City Logistics is the occupier of a monster-sized warehouse in Northampton. The fire officer popped in one day to issue his fire certificate. He thought it best that City first install a sprinkler system. It would cost only a fraction more than half a million pounds. City balked. After all, there were only 30 people in the place, and there were 46 portable extinguishers in place.

The building itself had, of course, obtained a Building Regulations Certificate from Northampton council. When City put up all the racking for pallets, the borough didn't characterise this as a material alteration requiring Building Regulations approval, so the fire officer had no authority to demand structural alterations to the warehouse.
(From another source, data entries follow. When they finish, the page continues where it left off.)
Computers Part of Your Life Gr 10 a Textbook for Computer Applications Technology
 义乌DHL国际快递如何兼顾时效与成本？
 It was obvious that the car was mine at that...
Sprinklers are, it seems, a structural alteration, so the fire officer had no authority to demand sprinklers.

Well, said the fire officer, no sprinklers, no certificate. So City reached for its lawyers. Off it went to the local magistrates' court to appeal. No way, said the bench. Spend the half-million. So City's lawyers went to the crown court. Here it was argued that if a fire broke out in this building, the worst-case scenario would still result in the 30 people having time to evacuate. The fire officer's lawyers said that it was one thing to accept that people could escape, but surely the 1971 Fire Precautions Act was also about fighting fire. No, said the crown court judge. The act is about escape only. He reversed the decision. City could keep its money. The Northampton fire officer wasn't having that. So he went to the High Court to challenge the crown court decision and, would you believe, he won. City wasn't having that. So it went to the Court of Appeal, where three judges reversed the previous decision. City won.

In the Bradford stadium, on our TV screens, we saw an inferno develop in seconds. There wasn’t even enough time to jump onto the pitch

Just one moment please. If the Fire Precautions Act 1971, as amended in 1987, requires all this fathoming out by judges, do you agree with me that the act itself should be torched? When will parliamentary draftsmen begin writing acts of parliament for ordinary people in ordinary language? Send the confounded act back to parliament to be rewritten, will you?

The Court of Appeal judges interpreted this act for us. The duty of the fire authority when inspecting such buildings is to be satisfied that the means of escape in a fire is reasonably OK; and that this "means" is provided and actually works; and that the place is filled with warnings in case of fire.

The judges unanimously rejected the idea that the act went further than making the building safe for those inside. The court rejected the notion that a building must not endanger the lads who turn up to fight the blaze. It rejected, too, a statutory duty to install fire-fighting equipment to protect the stock or building. Nor did the Fire Precautions Act oblige the warehouse owners to install equipment to protect neighbouring people and property. It was not right that City had to put in sprinklers to avoid polluting the atmosphere in the event of a fire, nor to minimise the economic affects of a fire on the property owner's insurers. In short, this important act, which has been used year in year out by fire officers, was being used wrongly. There is one test only for the fire certificate: can the occupants escape? And if escape can be made by having 46 extinguishers dotted around the place, then heigh-ho, all's well.